Building A Local Food Movement: Key Lessons from AgLanta Conference 2019
Spring is an interesting time for outdoor farmers. Whether it’s the melting of snow in the North, or the onset of warm season crops in the South, it’s a time of great transition. Whether this shift makes you dream or dread is as dependent on your location as your mindset.
What doesn’t seem to change by location is the openness and vulnerability that farmers share, even with new friends. We’ve heard it a million times now, “farming is difficult, but rewarding” and for the most part I think we all believe it. Maybe it’s this risk and reward that breaks down walls and opens minds.
This week I had the honor of joining 300 vulnerable and open-minded farmers and farm services folks at AgLanta 2019 for two days of exploration and storytelling. It was clear from the beginning that it was a fun group as our tour of Atlanta happened on a stormy and rainy Sunday and everyone was happy to be cold and wet while we kicked through puddles on some of Atlanta’s signature urban farms.
I’ve attended quite a few farming conferences and they tend to skew in two directions: the first is the academic conference where valuable technical information and best practices are the focus and the second is the feel-good conference where farmers are encouraged to interact with each other and share experiences.
What is so unique about the AgLanta conference, is that AgTech X, Agritecture, and the City of Atlanta Office of Resilience have crafted an event that accomplishes both community building and valuable education.
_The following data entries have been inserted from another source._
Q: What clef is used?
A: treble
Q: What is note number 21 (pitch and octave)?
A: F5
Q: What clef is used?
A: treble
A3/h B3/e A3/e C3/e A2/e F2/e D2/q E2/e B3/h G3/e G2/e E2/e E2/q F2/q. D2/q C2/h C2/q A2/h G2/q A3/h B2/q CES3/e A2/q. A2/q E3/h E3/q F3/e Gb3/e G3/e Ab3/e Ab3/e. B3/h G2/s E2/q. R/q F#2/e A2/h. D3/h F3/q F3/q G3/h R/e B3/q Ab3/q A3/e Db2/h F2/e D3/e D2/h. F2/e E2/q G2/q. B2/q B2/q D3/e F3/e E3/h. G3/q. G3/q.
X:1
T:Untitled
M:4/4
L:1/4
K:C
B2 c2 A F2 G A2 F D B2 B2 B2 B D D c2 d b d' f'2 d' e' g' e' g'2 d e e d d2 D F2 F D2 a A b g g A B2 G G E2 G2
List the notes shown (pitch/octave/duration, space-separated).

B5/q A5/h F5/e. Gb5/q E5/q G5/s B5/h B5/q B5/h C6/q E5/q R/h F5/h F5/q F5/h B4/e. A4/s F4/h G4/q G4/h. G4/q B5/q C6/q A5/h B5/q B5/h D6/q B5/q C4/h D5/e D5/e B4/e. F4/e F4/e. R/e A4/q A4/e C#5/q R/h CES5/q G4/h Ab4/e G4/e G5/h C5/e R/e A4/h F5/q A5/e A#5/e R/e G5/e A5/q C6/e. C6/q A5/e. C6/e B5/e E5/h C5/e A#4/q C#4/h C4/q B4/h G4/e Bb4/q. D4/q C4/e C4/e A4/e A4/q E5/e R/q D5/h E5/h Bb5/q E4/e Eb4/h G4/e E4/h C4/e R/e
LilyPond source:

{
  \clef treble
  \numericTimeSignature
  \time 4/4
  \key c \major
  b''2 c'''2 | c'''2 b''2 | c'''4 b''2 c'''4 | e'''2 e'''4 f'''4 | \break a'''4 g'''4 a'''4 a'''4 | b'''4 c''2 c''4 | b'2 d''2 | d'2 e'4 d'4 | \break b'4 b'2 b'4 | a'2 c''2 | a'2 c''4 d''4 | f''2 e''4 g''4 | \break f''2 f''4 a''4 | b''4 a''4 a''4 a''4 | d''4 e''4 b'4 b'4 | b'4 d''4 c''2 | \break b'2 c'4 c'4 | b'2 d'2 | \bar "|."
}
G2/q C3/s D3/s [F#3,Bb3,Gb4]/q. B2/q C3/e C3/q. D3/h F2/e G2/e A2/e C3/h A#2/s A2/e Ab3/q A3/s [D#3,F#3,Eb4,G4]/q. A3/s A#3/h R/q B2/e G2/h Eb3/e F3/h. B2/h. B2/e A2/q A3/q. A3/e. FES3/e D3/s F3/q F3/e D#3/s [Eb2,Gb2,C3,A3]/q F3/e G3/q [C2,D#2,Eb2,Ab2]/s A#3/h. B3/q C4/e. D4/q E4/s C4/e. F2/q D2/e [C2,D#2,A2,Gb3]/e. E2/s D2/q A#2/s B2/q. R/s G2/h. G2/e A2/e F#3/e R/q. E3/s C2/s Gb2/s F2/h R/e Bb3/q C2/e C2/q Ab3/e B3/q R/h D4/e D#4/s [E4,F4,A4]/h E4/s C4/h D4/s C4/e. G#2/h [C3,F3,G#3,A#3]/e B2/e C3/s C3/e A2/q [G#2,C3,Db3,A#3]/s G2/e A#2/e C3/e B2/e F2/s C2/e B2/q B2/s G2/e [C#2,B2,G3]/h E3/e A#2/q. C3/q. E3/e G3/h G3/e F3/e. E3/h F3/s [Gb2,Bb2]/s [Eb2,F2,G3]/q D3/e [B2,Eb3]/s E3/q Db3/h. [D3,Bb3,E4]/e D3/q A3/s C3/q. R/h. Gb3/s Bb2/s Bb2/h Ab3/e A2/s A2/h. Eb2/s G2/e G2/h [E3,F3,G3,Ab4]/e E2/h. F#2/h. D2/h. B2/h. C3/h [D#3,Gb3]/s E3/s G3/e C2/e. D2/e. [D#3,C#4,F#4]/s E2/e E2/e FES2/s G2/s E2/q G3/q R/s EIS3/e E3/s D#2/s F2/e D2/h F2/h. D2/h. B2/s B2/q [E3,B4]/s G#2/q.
This balance fostered more synergy and creativity than I’ve experienced at other conferences.
What Atlanta has accomplished in developing their local food system is impressive. This city, not particularly known for its food culture, has cultivated a significant amount of urban agriculture through public and private partnerships that support a wide ranging and quality food scene. I was fortunate enough to have a healthy dosage of excellent farm-to-table experiences on the trip this year.
As with many conferences, some of the most valuable time was spent after hours in dimly lit restaurants sharing war stories and pipe dreams. In this age of agricultural start-ups and technology, it’s so easy to miss out on human connection. While the time I spent presenting, networking and listening during conference hours was valuable, it feels like more was accomplished for this movement in the breaking of bread.
Jeffrey Landau of Agritecture may have said it best when, at dinner after the conference had ended, he recalled that AgLanta was born over cocktails and a farm to table meal and was best celebrated that way each year. I couldn’t agree more.